◆ **Problem details**
No record may be omitted; give all of them again exactly.

◆ **Provided entries**
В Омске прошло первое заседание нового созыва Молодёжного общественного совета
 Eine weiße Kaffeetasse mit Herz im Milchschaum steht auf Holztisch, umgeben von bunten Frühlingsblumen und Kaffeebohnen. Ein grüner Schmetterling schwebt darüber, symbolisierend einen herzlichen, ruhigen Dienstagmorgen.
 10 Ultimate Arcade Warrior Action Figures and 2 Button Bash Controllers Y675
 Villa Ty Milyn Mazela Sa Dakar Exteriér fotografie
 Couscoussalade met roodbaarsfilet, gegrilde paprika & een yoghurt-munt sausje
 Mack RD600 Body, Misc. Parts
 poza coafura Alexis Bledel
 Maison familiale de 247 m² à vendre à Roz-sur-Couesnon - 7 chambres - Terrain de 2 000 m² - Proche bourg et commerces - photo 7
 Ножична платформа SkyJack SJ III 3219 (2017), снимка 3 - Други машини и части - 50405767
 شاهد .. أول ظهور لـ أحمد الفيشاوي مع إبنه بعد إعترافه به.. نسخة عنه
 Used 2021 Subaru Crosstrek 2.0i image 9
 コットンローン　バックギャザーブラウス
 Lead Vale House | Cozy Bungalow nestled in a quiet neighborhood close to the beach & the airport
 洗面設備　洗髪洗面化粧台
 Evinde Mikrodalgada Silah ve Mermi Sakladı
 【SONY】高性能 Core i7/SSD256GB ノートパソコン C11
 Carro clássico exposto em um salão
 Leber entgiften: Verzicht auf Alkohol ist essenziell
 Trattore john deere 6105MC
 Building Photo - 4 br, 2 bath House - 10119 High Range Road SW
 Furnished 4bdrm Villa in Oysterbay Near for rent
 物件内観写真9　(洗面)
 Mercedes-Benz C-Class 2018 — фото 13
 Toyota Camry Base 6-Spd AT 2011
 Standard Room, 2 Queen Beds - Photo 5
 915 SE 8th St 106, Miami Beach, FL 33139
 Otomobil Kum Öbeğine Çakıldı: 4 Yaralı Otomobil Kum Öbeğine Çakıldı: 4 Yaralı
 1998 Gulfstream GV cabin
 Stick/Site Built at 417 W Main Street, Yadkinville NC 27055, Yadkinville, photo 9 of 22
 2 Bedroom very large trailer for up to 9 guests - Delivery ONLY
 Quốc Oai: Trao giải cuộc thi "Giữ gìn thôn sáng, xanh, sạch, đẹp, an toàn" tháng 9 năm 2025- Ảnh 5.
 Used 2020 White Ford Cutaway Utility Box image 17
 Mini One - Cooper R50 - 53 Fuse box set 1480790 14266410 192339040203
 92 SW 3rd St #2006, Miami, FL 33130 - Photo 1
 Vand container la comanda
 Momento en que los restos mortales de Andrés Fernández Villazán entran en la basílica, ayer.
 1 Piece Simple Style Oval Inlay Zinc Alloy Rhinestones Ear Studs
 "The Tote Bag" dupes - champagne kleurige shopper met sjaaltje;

◆ **Expected output**
В Омске прошло первое заседание нового созыва Молодёжного общественного совета
 Eine weiße Kaffeetasse mit Herz im Milchschaum steht auf Holztisch, umgeben von bunten Frühlingsblumen und Kaffeebohnen. Ein grüner Schmetterling schwebt darüber, symbolisierend einen herzlichen, ruhigen Dienstagmorgen.
 10 Ultimate Arcade Warrior Action Figures and 2 Button Bash Controllers Y675
 Villa Ty Milyn Mazela Sa Dakar Exteriér fotografie
 Couscoussalade met roodbaarsfilet, gegrilde paprika & een yoghurt-munt sausje
 Mack RD600 Body, Misc. Parts
 poza coafura Alexis Bledel
 Maison familiale de 247 m² à vendre à Roz-sur-Couesnon - 7 chambres - Terrain de 2 000 m² - Proche bourg et commerces - photo 7
 Ножична платформа SkyJack SJ III 3219 (2017), снимка 3 - Други машини и части - 50405767
 شاهد .. أول ظهور لـ أحمد الفيشاوي مع إبنه بعد إعترافه به.. نسخة عنه
 Used 2021 Subaru Crosstrek 2.0i image 9
 コットンローン　バックギャザーブラウス
 Lead Vale House | Cozy Bungalow nestled in a quiet neighborhood close to the beach & the airport
 洗面設備　洗髪洗面化粧台
 Evinde Mikrodalgada Silah ve Mermi Sakladı
 【SONY】高性能 Core i7/SSD256GB ノートパソコン C11
 Carro clássico exposto em um salão
 Leber entgiften: Verzicht auf Alkohol ist essenziell
 Trattore john deere 6105MC
 Building Photo - 4 br, 2 bath House - 10119 High Range Road SW
 Furnished 4bdrm Villa in Oysterbay Near for rent
 物件内観写真9　(洗面)
 Mercedes-Benz C-Class 2018 — фото 13
 Toyota Camry Base 6-Spd AT 2011
 Standard Room, 2 Queen Beds - Photo 5
 915 SE 8th St 106, Miami Beach, FL 33139
 Otomobil Kum Öbeğine Çakıldı: 4 Yaralı Otomobil Kum Öbeğine Çakıldı: 4 Yaralı
 1998 Gulfstream GV cabin
 Stick/Site Built at 417 W Main Street, Yadkinville NC 27055, Yadkinville, photo 9 of 22
 2 Bedroom very large trailer for up to 9 guests - Delivery ONLY
 Quốc Oai: Trao giải cuộc thi "Giữ gìn thôn sáng, xanh, sạch, đẹp, an toàn" tháng 9 năm 2025- Ảnh 5.
 Used 2020 White Ford Cutaway Utility Box image 17
 Mini One - Cooper R50 - 53 Fuse box set 1480790 14266410 192339040203
 92 SW 3rd St #2006, Miami, FL 33130 - Photo 1
 Vand container la comanda
 Momento en que los restos mortales de Andrés Fernández Villazán entran en la basílica, ayer.
 1 Piece Simple Style Oval Inlay Zinc Alloy Rhinestones Ear Studs
 "The Tote Bag" dupes - champagne kleurige shopper met sjaaltje;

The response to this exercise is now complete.